I am studying the solution to First Readers - Writers Problem from the book Operating System Concepts (9th edition) and it describes:

First readers–writers problem, requires that no reader be kept waiting unless a writer has already obtained permission to use the shared object. In other words, no reader should wait for other readers to finish simply because a writer is waiting.

And what I have understood from this is that if there is any reader running and a writer comes; then that writer would be blocked until reader has completed. But during the completion of first reader if there comes another reader (or multiple readers), then that (those) reader(s) will be given priority over writer.

First of all please correct me if I am wrong here.
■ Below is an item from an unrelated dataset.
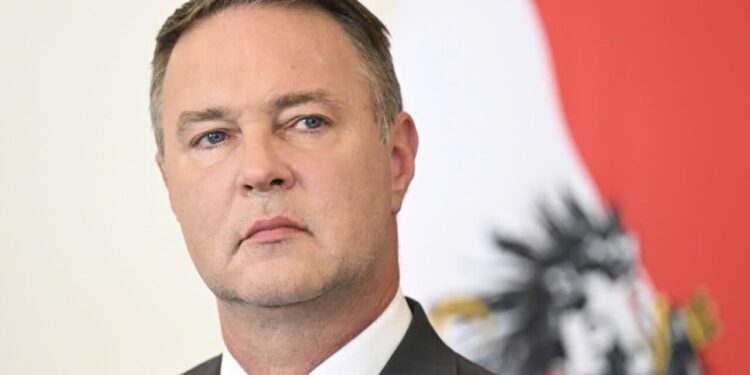 Austria, top manager dei media Zeiler lancia la sfida per guidare i socialdemocratici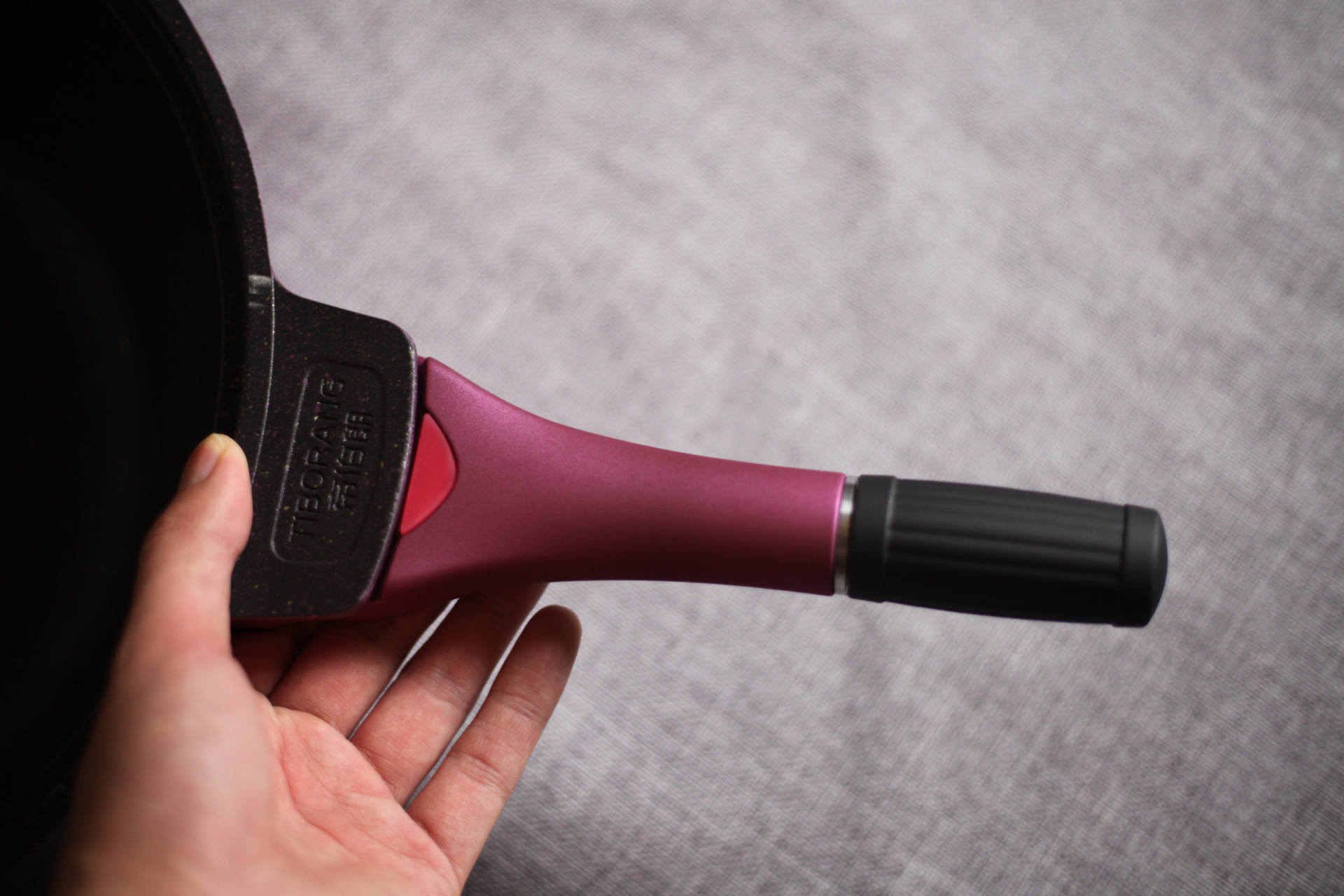 走近氪学｜粘锅退款！打死都不粘的不粘锅？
But if am right, then what I have understood is that, the code for Reader does not guarantee this.

Code for reader-writer is given below:

//data structures
semaphore rw_mutex = 1;
semaphore mutex = 1;
int read_count = 0;

//Code for writer
do {
   wait(rw_mutex);
   . . .
   /* writing is performed */
   . . .
   signal(rw_mutex);
} while (true);

//Code for reader
do {
   wait(mutex);            //Line 01
   read_count++;

   if (read_count == 1)
      wait(rw_mutex);      //Line 02

   signal(mutex);
   . . .
   /* reading is performed */
   . . .

   wait(mutex);            //Line 03
   read_count--;

   if (read_count == 0)
      signal(rw_mutex);    //Line 04

   signal(mutex);
} while (true);

Now suppose following sequence of events occurs:

  • Suppose first reader comes and it blocks the writer on the line mentioned as Line 02 in comments
  • Then a writer comes which is waiting for rw_mutex
  • Then first reader is executing the code line mentioned as Line 03 in comments in code and it has locked the mutex semaphore
  • At the same time second reader comes and it starts waiting on line mentioned as Line 01 in comments in code
  • Now when the first reader executes Line 04; it releases the lock on rw_mutex and the writer which was waiting in its while loop is unlocked now and starts executing
  • The second reader will be unlocked when the first reader executes the line after Line 04 that signals mutex semaphore

Now if we see the overall flow, then the writer runs before the second reader. So does the code logic work the same as described above?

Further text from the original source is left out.